Your instructions:
Could you output, word for word, only the lines from the line with "Spacious backyard with" to the end of the entries, including both ends? Omit the pictures.
==== Records for this exercise
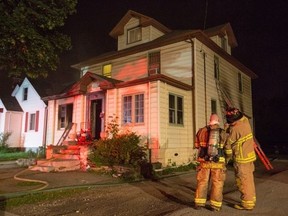 Sarnia firefighters tend to the scene of a triplex fire near the intersection of College Avenue and Wellington Street early Saturday morning. (Photo by TROY SHANTZ)
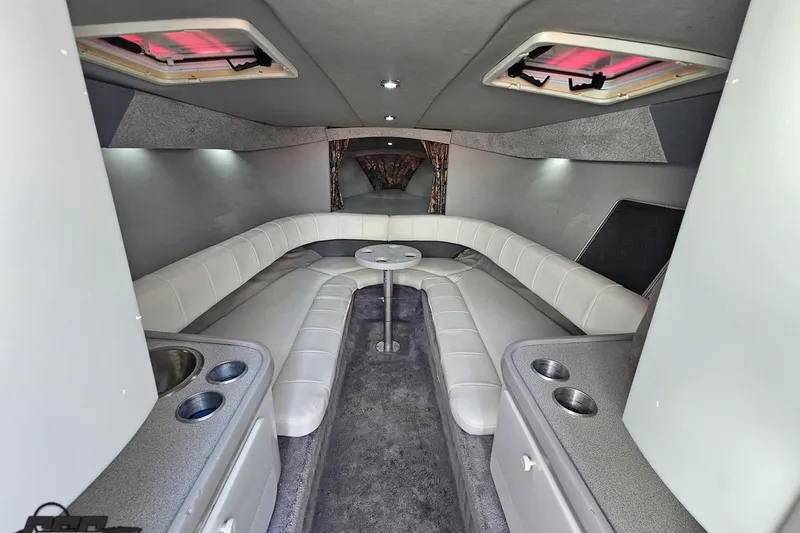 Slide: The Image of Interior of a 1997 Formula 382 FASTech boat with white seating and modern amenities. - 71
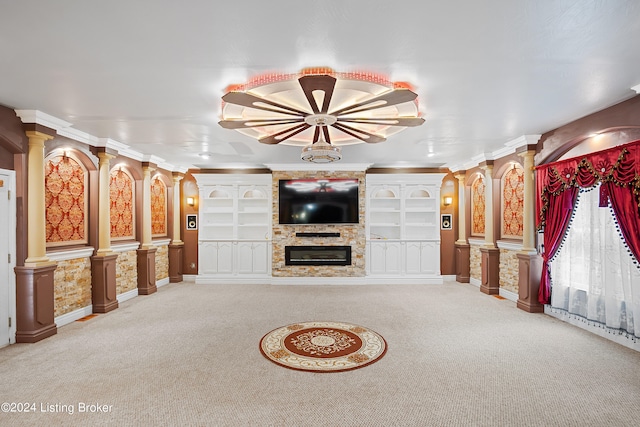 unfurnished living room with ornamental molding and light carpet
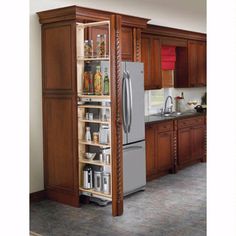 a kitchen with wooden cabinets and stainless steel refrigerator freezer next to an open pantry door
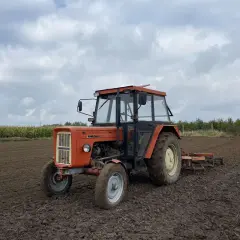 Pomarańczowy Ursus C-360 na polu, gotowy do pracy. Zastanawiasz się, ile oleju do silnika C-360 potrzebujesz?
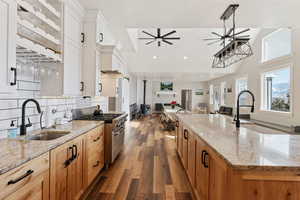 Kitchen featuring white cabinetry, stainless steel range, sink, and a large island with sink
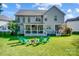 Spacious backyard with patio, green chairs, a fire pit and lush lawn perfect for outdoor activities at 15407 Saxon Trace Ct, Huntersville, NC 28078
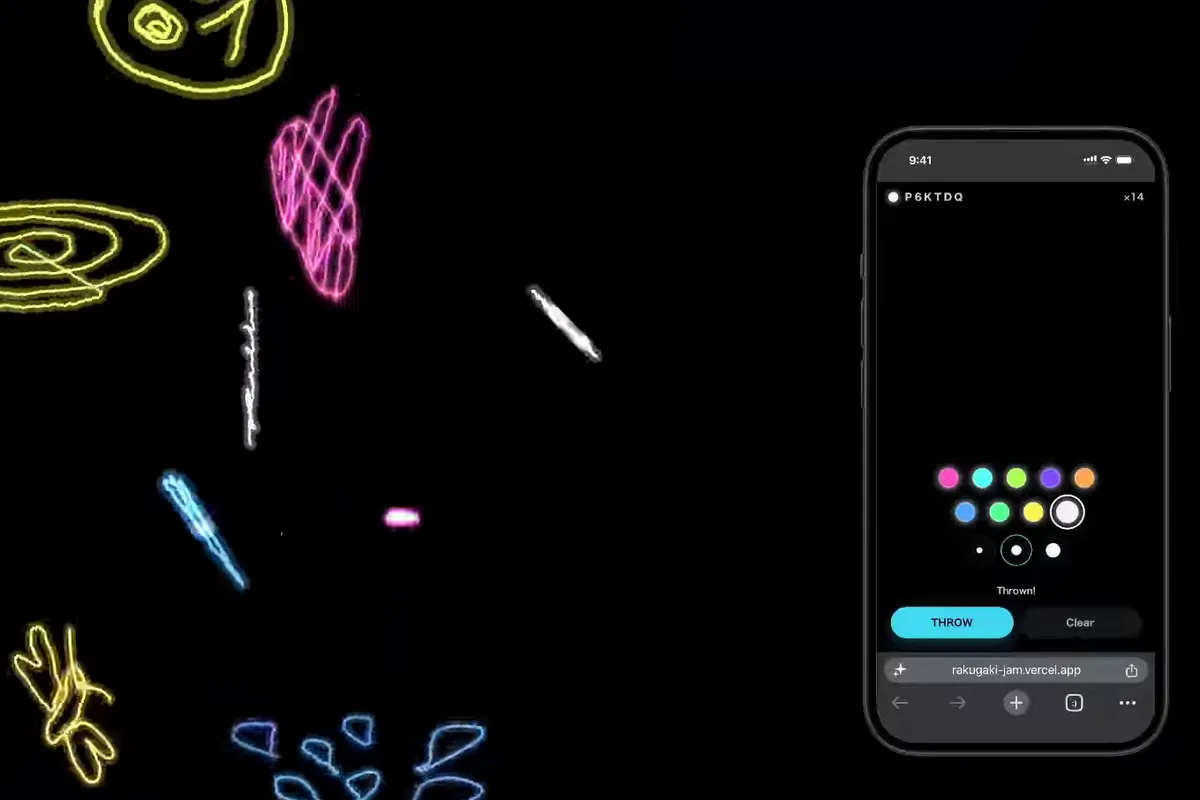 Bright neon doodles scattered across a dark wall screen, with a phone beside it drawing another one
========
Finished exercise:
 Spacious backyard with patio, green chairs, a fire pit and lush lawn perfect for outdoor activities at 15407 Saxon Trace Ct, Huntersville, NC 28078
 Bright neon doodles scattered across a dark wall screen, with a phone beside it drawing another one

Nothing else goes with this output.